Dalam rentang waktu tersebut, Kiai Idham juga merangkap pelbagai resuffle jabatan di Kabinet Pemerintahan, yakni: Menteri Utama bidang Kesejahteraan Rakyat dalam Kabinet Ampera I (1966-1967), Menteri Negara Kesejahteraan dalam Kabinet Ampera II (1967-1968), Menteri Koordinator Bidang Kesejahteraan Rakyat Kabinet Pembangunan I (1968-1973). Selain itu, ia juga pernah menjadi Ketua DPR (1968-1977) dan Ketua MPR (1972-1977), Ketua DPA (1978-1983).
Kiai Idham juga dikenal sebagai tokoh yang berkontribusi di tiga zaman; Perjuangan Kemerdekaan, Orde Lama, dan Orde Baru.

Dalam masa perjuangan kemerdekaan hingga mempertahankan kemerdekaan, beliau turun langsung berperang, dan pernah ditawan oleh Belanda.
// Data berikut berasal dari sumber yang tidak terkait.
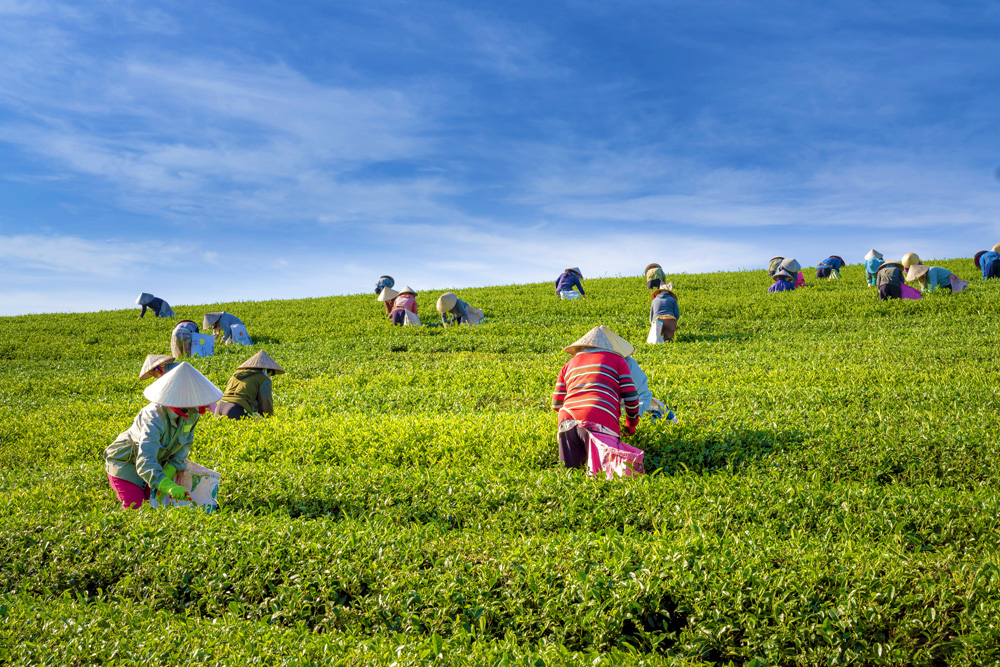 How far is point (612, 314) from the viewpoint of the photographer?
25.8 meters

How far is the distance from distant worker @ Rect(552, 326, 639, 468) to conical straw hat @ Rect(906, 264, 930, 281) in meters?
Result: 24.1

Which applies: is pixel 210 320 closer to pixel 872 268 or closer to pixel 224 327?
pixel 224 327

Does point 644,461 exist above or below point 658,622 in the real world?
above

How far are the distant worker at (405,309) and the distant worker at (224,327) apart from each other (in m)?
5.50

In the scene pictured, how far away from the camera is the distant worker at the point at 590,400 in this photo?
25.8 feet

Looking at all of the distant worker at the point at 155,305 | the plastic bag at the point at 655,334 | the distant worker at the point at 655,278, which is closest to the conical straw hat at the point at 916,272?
the distant worker at the point at 655,278

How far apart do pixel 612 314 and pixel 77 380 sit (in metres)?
18.0

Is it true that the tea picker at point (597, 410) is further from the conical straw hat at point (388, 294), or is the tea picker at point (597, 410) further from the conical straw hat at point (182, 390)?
the conical straw hat at point (388, 294)

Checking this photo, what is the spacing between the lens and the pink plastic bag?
7.53 m

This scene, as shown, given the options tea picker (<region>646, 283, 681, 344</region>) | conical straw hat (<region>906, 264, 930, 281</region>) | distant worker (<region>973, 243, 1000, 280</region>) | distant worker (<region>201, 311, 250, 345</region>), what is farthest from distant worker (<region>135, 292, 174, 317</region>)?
distant worker (<region>973, 243, 1000, 280</region>)

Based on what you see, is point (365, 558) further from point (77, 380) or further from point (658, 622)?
point (77, 380)

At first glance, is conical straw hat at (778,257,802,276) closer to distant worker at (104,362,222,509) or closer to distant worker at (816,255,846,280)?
distant worker at (816,255,846,280)

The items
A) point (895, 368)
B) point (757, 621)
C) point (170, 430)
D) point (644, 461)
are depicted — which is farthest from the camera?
point (895, 368)

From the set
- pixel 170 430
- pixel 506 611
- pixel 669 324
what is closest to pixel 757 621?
pixel 506 611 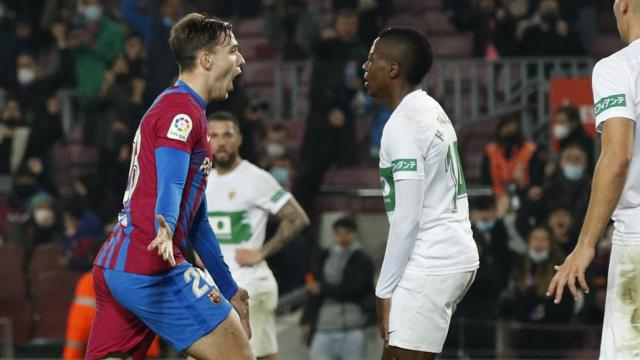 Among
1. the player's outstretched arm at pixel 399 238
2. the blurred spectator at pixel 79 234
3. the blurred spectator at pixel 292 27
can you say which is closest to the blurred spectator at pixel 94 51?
the blurred spectator at pixel 292 27

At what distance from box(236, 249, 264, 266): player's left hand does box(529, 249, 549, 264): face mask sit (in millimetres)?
2971

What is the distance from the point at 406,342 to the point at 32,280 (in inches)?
284

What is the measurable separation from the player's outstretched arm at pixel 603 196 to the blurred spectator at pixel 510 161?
6.08 meters

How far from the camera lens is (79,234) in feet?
40.0

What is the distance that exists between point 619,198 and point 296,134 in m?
8.73

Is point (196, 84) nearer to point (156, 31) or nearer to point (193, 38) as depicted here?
point (193, 38)

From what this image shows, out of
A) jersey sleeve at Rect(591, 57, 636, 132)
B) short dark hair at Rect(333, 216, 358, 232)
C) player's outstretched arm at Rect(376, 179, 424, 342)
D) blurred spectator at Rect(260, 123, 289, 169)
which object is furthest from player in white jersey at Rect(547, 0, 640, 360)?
blurred spectator at Rect(260, 123, 289, 169)

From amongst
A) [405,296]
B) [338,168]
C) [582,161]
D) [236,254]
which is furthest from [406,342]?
[338,168]

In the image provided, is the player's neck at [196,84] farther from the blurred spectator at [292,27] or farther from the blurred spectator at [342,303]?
the blurred spectator at [292,27]

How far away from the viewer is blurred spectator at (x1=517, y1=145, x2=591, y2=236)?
10.3 m

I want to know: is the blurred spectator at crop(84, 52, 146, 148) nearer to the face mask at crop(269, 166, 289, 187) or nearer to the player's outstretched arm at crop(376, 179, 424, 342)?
the face mask at crop(269, 166, 289, 187)

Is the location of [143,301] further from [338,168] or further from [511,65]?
[511,65]

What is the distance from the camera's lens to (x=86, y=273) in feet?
37.8

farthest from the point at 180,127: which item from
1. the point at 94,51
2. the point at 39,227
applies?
the point at 94,51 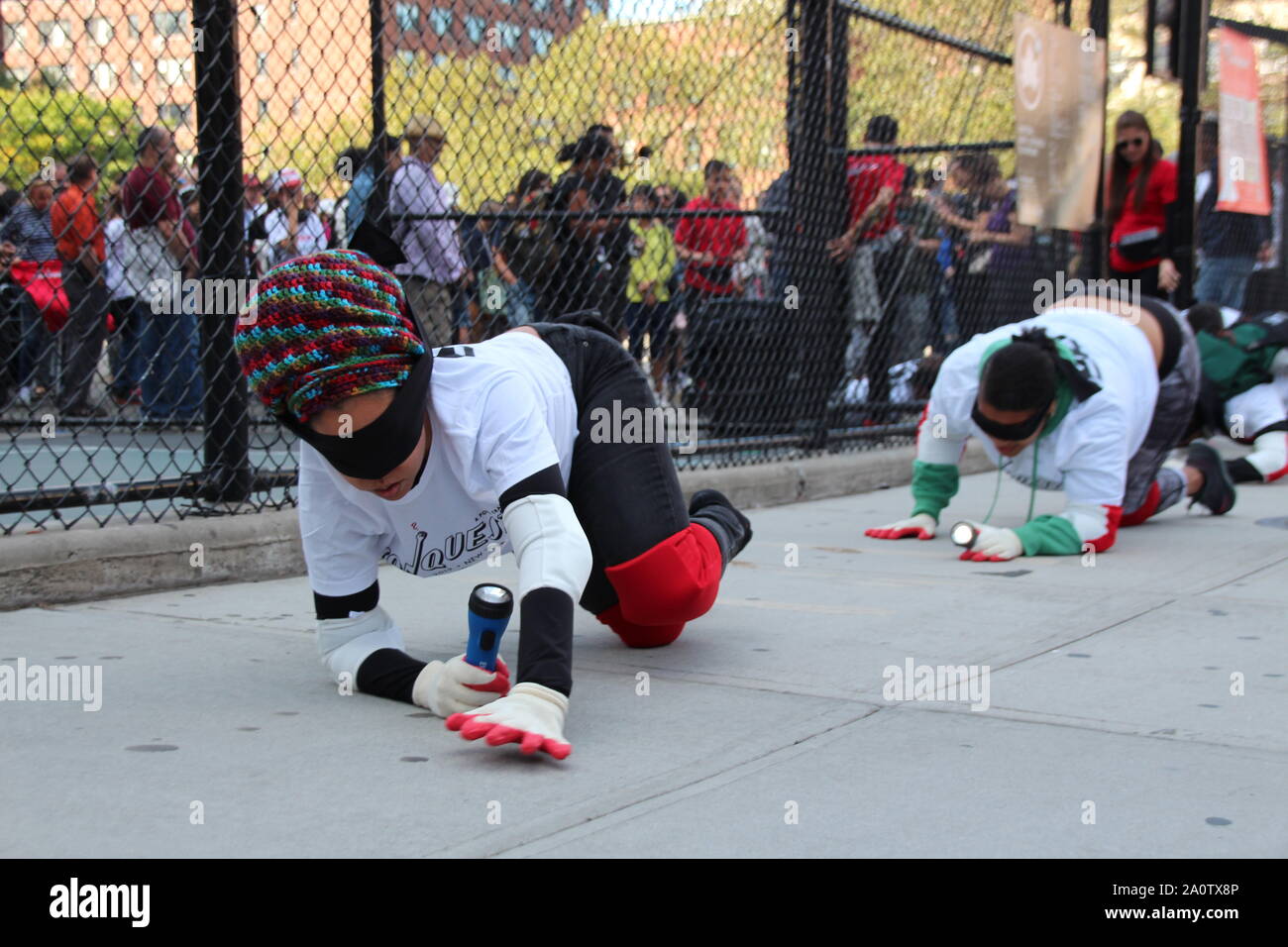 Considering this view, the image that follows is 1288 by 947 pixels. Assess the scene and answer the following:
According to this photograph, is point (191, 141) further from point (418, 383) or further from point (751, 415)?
point (751, 415)

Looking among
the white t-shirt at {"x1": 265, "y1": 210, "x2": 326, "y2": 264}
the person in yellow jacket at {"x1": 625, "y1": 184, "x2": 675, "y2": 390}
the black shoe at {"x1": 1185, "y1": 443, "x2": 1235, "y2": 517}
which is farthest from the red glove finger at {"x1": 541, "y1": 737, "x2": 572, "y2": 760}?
the person in yellow jacket at {"x1": 625, "y1": 184, "x2": 675, "y2": 390}

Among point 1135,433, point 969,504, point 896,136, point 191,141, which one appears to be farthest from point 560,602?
point 896,136

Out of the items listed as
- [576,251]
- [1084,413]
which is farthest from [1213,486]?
[576,251]

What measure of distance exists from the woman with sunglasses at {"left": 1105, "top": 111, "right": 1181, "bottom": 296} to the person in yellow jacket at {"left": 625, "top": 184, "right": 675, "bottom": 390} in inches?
118

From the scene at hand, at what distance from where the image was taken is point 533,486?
278 centimetres

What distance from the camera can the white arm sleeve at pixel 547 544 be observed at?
2695 millimetres

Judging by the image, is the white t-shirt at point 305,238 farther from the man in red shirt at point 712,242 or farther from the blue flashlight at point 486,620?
the blue flashlight at point 486,620

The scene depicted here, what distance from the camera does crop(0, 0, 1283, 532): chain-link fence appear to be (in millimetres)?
5477

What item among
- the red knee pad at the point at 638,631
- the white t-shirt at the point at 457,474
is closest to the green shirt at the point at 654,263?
the red knee pad at the point at 638,631

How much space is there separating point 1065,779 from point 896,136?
20.5 ft

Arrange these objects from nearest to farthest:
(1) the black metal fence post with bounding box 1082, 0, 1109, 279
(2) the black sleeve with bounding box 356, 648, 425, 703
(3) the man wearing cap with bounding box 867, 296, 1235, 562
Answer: (2) the black sleeve with bounding box 356, 648, 425, 703 < (3) the man wearing cap with bounding box 867, 296, 1235, 562 < (1) the black metal fence post with bounding box 1082, 0, 1109, 279

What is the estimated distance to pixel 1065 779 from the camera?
2617 millimetres

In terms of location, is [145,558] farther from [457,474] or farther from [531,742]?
[531,742]

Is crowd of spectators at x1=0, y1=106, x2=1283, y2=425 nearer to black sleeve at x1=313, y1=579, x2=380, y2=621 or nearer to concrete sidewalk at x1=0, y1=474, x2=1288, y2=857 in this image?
concrete sidewalk at x1=0, y1=474, x2=1288, y2=857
Dalam era Orla dan Orba, beliau aktif berkontribusi dalam NU maupun pemerintahan. Jabatan Ketua Umum PBNU terlama yang dijabat beliau juga mematahkan mitos bahwa Ketua PBNU haruslah berdarah biru (keturunan ulama besar), terlepas dari pengaruhnya sebagawai Wakil Perdana Menteri, nyatanya beliau tetap didukung hingga 28 tahun, menandakan bagaimana kontribusi dan profesionalisme beliau.

Beliau menerima gelar Doktor Honoris Causa dari Universitas Al-Azhar, Mesir pada Maret 1957. Hal ini dikarenakan Kiai Idham mampu memadukan peranya sebagai ulama dan politisi secara apik dan maksimal. Pada tanggal 8 November, Negara melalui Presiden Susilo Bambang Yudhoyono menganugerahi Kiai Idham Chalid gelar pahlawan.